Face à une pression inédite de l’administration américaine, les universités américaines se trouvent à un tournant. Après avoir initialement semblé contraintes d’accepter les conditions imposées par Washington en matière de financement, sept d’entre elles ont désormais affiché leur refus catégorique, signalant une possible rupture avec un modèle de dépendance financière à l’égard du gouvernement fédéral.
Le point de friction réside dans le « Pacte pour l’excellence académique dans l’enseignement supérieur », qui conditionne l’accès aux fonds fédéraux au respect de certaines orientations idéologiques, notamment en matière de théories biologiques du genre et de valeurs dites « conservatrices ». Ce pacte, présenté comme une incitation à la performance, menace de priver de financement les établissements qui ne s’y conforment pas. Or, la recherche universitaire américaine est fortement tributaire de ces fonds : près de la moitié des 102 milliards de dollars (environ 95 milliards d’euros) consacrés chaque année à la recherche provient du budget fédéral.
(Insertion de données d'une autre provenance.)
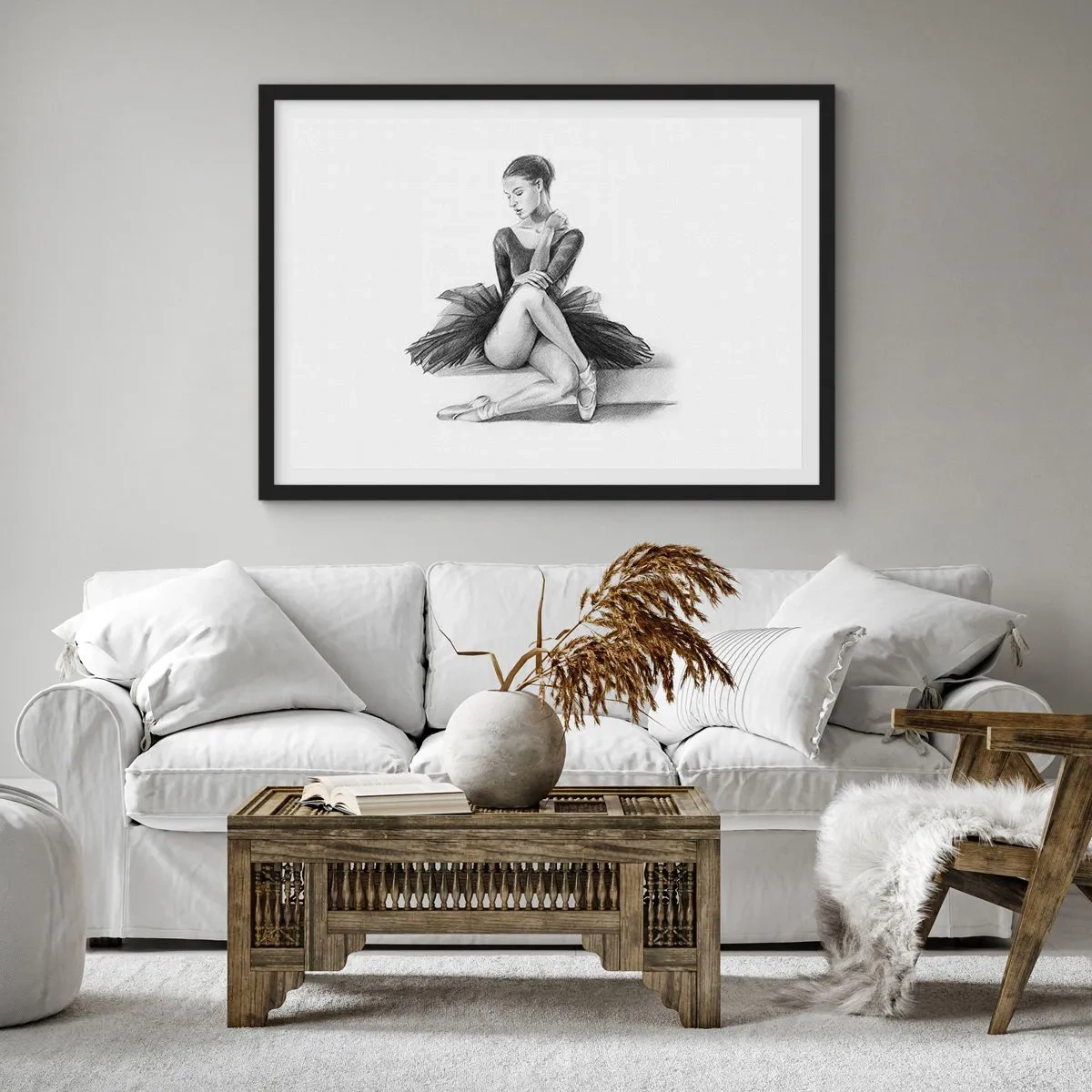 Plakat i sort ramme - Fortryllet af dans - 50x40 cm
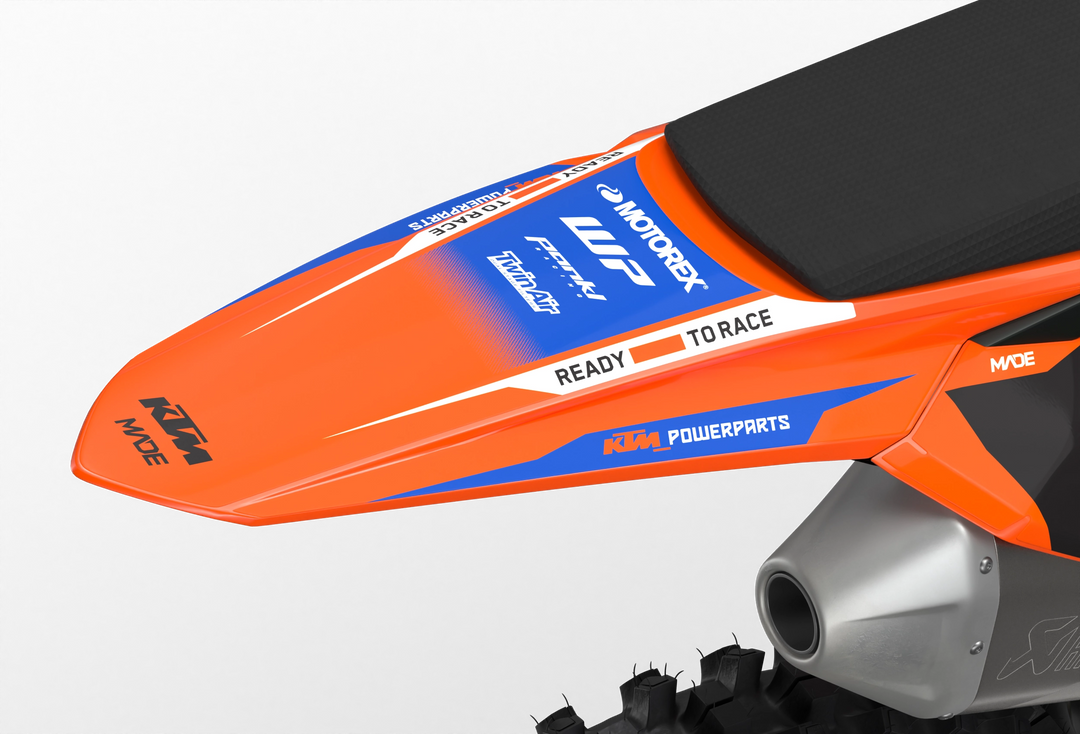 KTM SX SXF Premium graphic kit with orange base and KTM logo on sides from madestickers.com LightBlue#color_lightblue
À cela s’ajoutent plus de 120,8 milliards de dollars (environ 113 milliards d’euros) en subventions, prêts et programmes d’études-travail pour les étudiants.
Cependant, la résistance observée pourrait marquer un changement de paradigme. Les universités semblent prendre conscience que l’ère du soutien gouvernemental généreux pourrait être révolue et que l’attaque contre l’enseignement supérieur se poursuivra. Pour faire face à cette nouvelle donne, certaines envisagent de s’inspirer du passé.
À la fin du XIXe siècle, avant l’intervention massive du gouvernement fédéral, des mécènes privés, issus du monde des affaires, avaient déjà créé des universités de premier plan. Ces institutions, combinant le meilleur des modèles universitaires britanniques (Oxford et Cambridge) et allemands (universités de recherche bismarckiennes), ont forgé une tradition d’indépendance institutionnelle et de liberté académique qui pourrait servir de guide dans les combats à venir.
L’histoire révèle également une période de crise pour l’enseignement supérieur américain. À la fin du XIXe siècle, les collèges étaient confrontés à une baisse drastique du nombre d’inscriptions : en 1826, un étudiant sur 1 513 en âge d’aller à l’université était inscrit, contre un sur 1 927 en 1869. Cette situation, similaire à celle d’aujourd’hui, où de nombreux jeunes remettent en question la valeur d’un diplôme, souligne la nécessité d’une adaptation.
Lee C. Bollinger souligne que le pacte proposé par l’administration Trump rappelle les philosophies sectaires des universités du milieu du XIXe siècle, qui imposaient une conformité idéologique et limitaient la recherche. « Transformer ou abolir » les unités qui « rabaissent, voire suscitent la violence contre les idées conservatrices », selon les termes du pacte, reviendrait à fixer des limites à la recherche universitaire et à interdire certaines pratiques médicales ou certains courants littéraires.
Par ailleurs, l’exemple récent du département du Commerce américain, qui a annulé un important programme de recherche sur les semi-conducteurs impliquant plusieurs universités, illustre l’instabilité du financement fédéral. Cette décision, qui compromet la recherche scientifique et la compétitivité américaine face à la Chine, remet en question la fiabilité du soutien gouvernemental.
Les universités américaines pourraient donc explorer des sources de financement alternatives, notamment des partenariats avec les États, l’industrie et des institutions étrangères. Certaines universités britanniques, confrontées à des difficultés financières, ont déjà ouvert des succursales en Inde, suivant l’exemple d’établissements américains comme Yale et NYU qui se sont implantés en Europe, en Asie et au Moyen-Orient. Elles pourraient également s’appuyer sur leurs droits juridiques et constitutionnels, notamment la clause de liberté d’expression du Premier Amendement, pour défendre leur autonomie.
Enfin, certaines universités pourraient même envisager de réactiver leurs identités religieuses d’origine, comme boucliers contre les ingérences de l’État. Dans un contexte politique de plus en plus conservateur, cette stratégie pourrait s’avérer payante. L’avenir de l’enseignement supérieur américain dépendra de sa capacité à s’adapter, à innover et à défendre ses valeurs fondamentales.